There is good news regarding electricity emissions in the United States, right now they are on track to being reduced by a certain percentage lower than the levels in 2005 by 2030. But as more retrograde actions like these continue to be taken under the Trump administration, this prediction seems more far away than originally thought. Scott Pruitt is being naïve in thinking that there is no more progress to be made. Clearly having more regulation on coal emissions is not on Pruitt’s list of priorities as EPA chief.

To make sure that this move doesn’t encounter any challenges in court, groups in the coal power plant industry encourage Pruitt to replace the Clean Power Plan with new regulation, knowing that several states and environmental groups are already planning to challenge the repeal in federal courts according to a report by The New York Times. Attorneys general of New York and Massachusetts intend to sue the EPA once the repeal is finalized.

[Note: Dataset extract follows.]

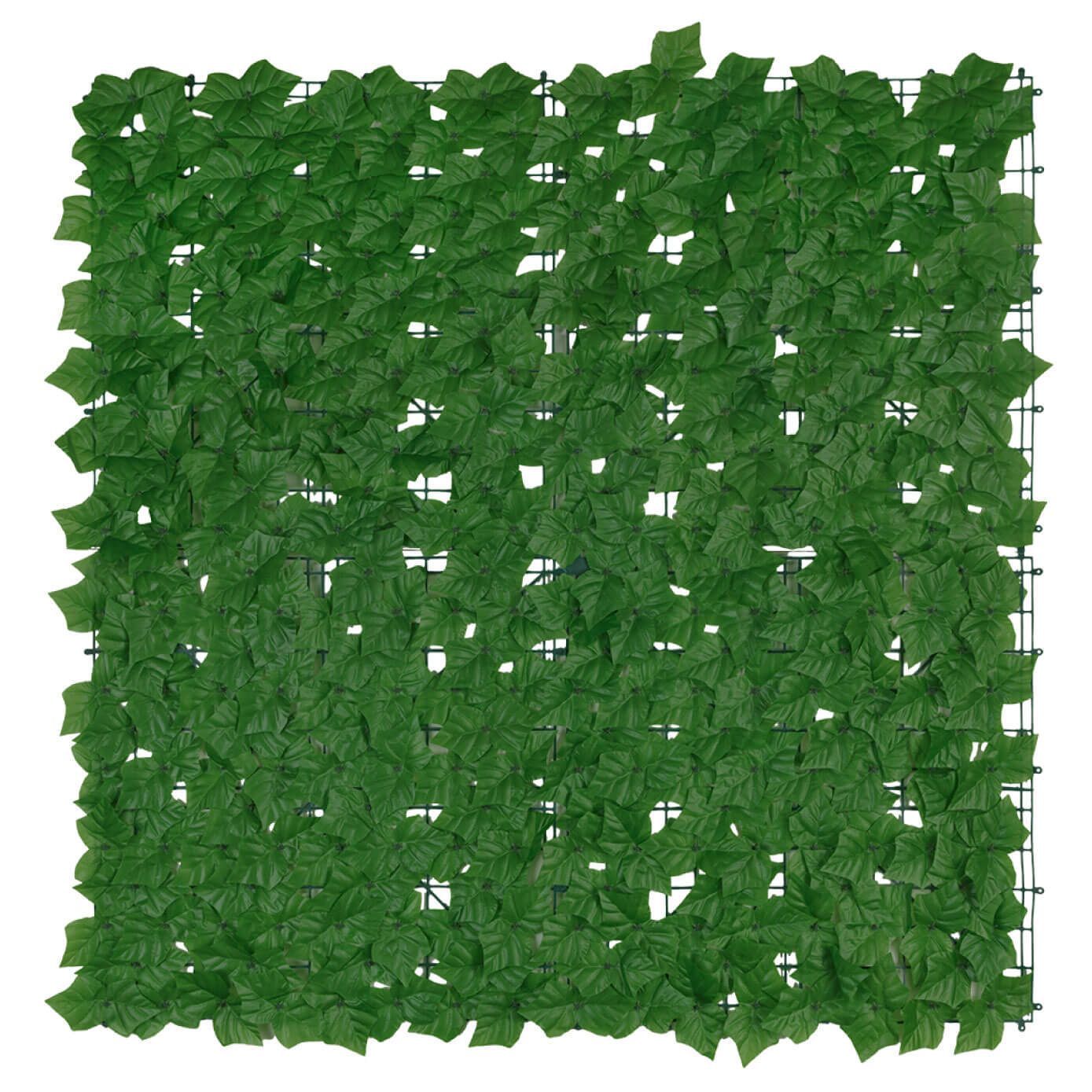 Efeu-Sichtschutz 3x1m grün Efeu-Sichtschutz 3x1m grün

The repeal package has now been sent to the Federal Register for publication and now undergoes a 60-day process in which the public can submit comments before it is finalized. The public can find this package on the Federal Register at GPO.gov. With more stringent and rigorous carbon emission regulation approaching eventually, this repeal seems like a step in the wrong direction. If anything, stronger action should be taken to be on the path of cleaner air and less pollution, in an effort to try and prevent and repeal climate change instead.